Стас выключил воду и вернулся в комнату, если это можно было назвать комнатой. Дом был предназначен на снос, жители выселены, мебель вывезена, стекла выбиты или выворочены из стен вместе с рамами. Он нашел самую удобную комнату. Во-первых в ней были остатки стекол в окнах и не так дуло, во-вторых здесь было не так грязно, как в остальном доме. Электричества конечно нет, но вода из крана еще течет, причем течет в ванну, которая каким-то чудом осталась не свинченной. Раковины нет, но на это наплевать. Унитаза тоже нет, ну и бог с ним, вокруг полно жилплощади отгороженной от него десятком стен, куда совершенно спокойно можно пойти и испражниться. По всему дому он насобирал остатки поломанной мебели и прочего, в результате чего в комнате появился хоть какой-то намек на то, что она может служить кому-то жильем.
Стас потянулся, спать не хотелось. Зато хотелось есть, чего он не делал уже трое суток. Ну да ничего, раз он жив, то уж от голода не подохнет. Он поднялся с кровати, причесал голову грязным гребнем с поломанными зубьями и отправился на улицу.
Город огромной махиной навис над ним, окружил со всех сторон, преграждая пути к отступлению.

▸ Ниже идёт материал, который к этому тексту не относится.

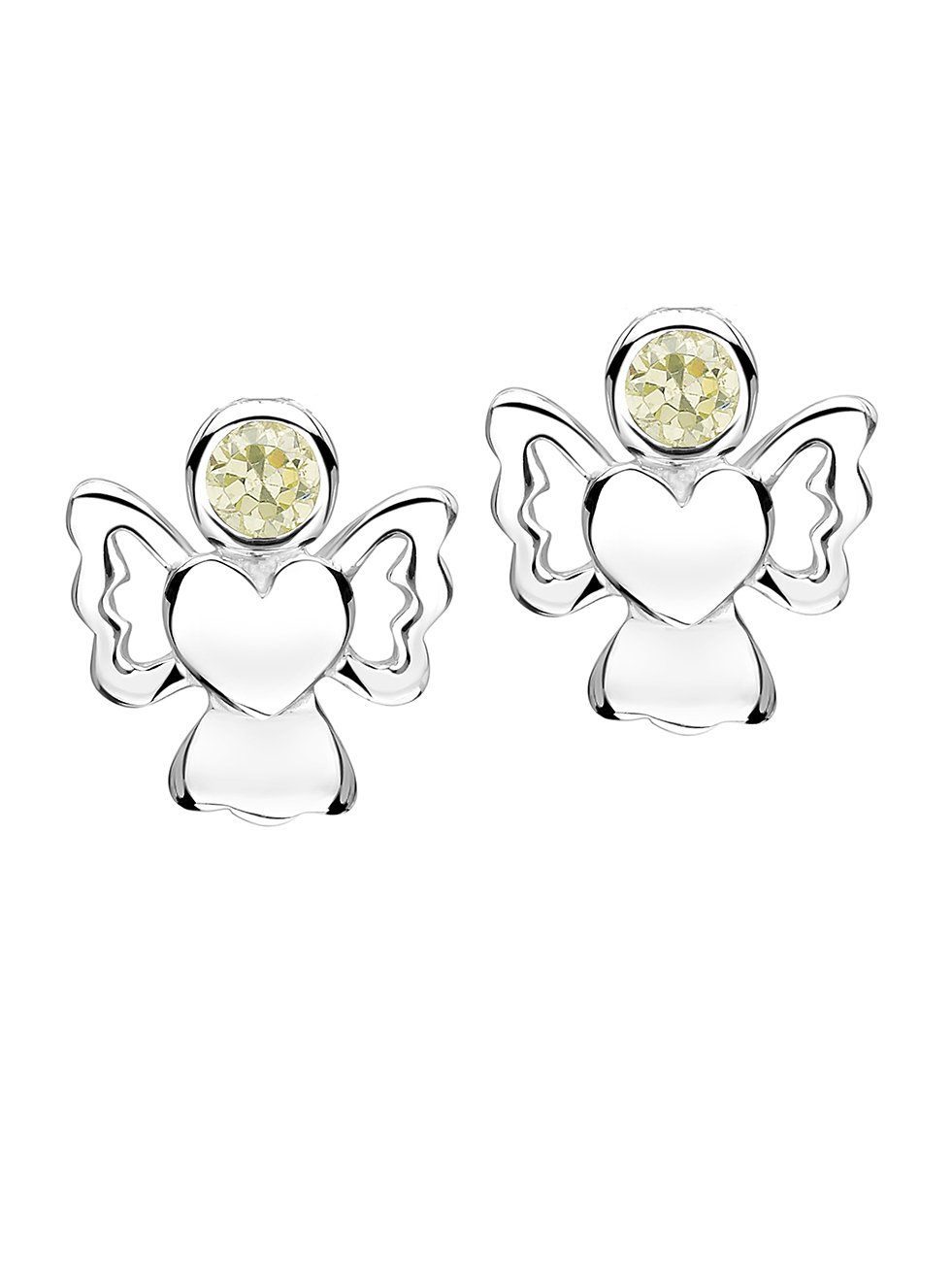 jo for girls sterling silver august birthstone angel stud earrings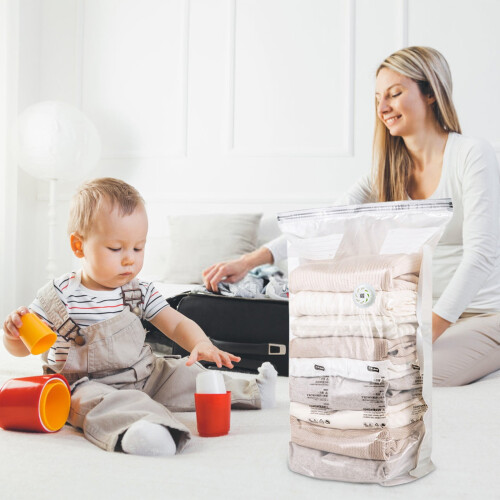 Vacuum Compression Bags, No-Pump Needed, Space-Saving, Durable, Travel and Closet Storage Solution 2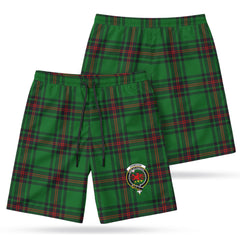 Primrose Tartan Crest Men's Beach Shorts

Он чувствовал несвободу, вырваться из которой можно было только воспарив в небеса. Мегаполис распластался по земле, вознесся ввысь, вгрызся корнями в вытоптанный слой не то песка, не то глины. Все здесь было мертво. Земля утрамбована, обезжизнена, закована в латы асфальта. Из животных остались лишь изредка встречающиеся собаки, из птиц - мерзкие, прожорливые и грязные голуби, которых и птицами-то не назовешь. Растительности тоже мало, лишь чахлые, пропыленные деревья и взрощенная на какой-то химии травка, у которой даже оттенок неживой, ядовитый.
После того, как Стас покинул место, где родился и жил, он повидал много всякой дряни отравляющей чистую природу, но такого технического разврата, как здесь он не видел нигде. Ну на то Москва и столица, она всегда была Римом, государством в государстве, и жила по другим законам нежели вся остальная страна.
Стас шел по улице, ежился, боязливо оглядывался на безразличных прохожих. Хотя чего опасаться? Они идут себе и идут, семенят по делам, смотрят под ноги. Даже мужчины перестали смотреть по сторонам и заглядываться вслед красивым женщинам. Им нет никакого дела друг до друга, оно и понятно. Им нет никакого дела до него. Они не знают, что он не такой, что он совсем не такой, как они. Ну и слава богу. Они ему тоже безразличны. Пока безразличны, а там... Но не надо забегать вперед. Сначала надо поесть, потому что на пустой желудок даже мстить нельзя. Он может и подождать, он и так ждал четырнадцать лет, так что еще несколько месяцев погоды не сделают. Не надо зло кидаться на первого встречного, который может быть еще и не совсем конченый человек. Надо выждать, все как следует спланировать, чтобы попасть в того, в кого надо и по возможности ударить побольнее.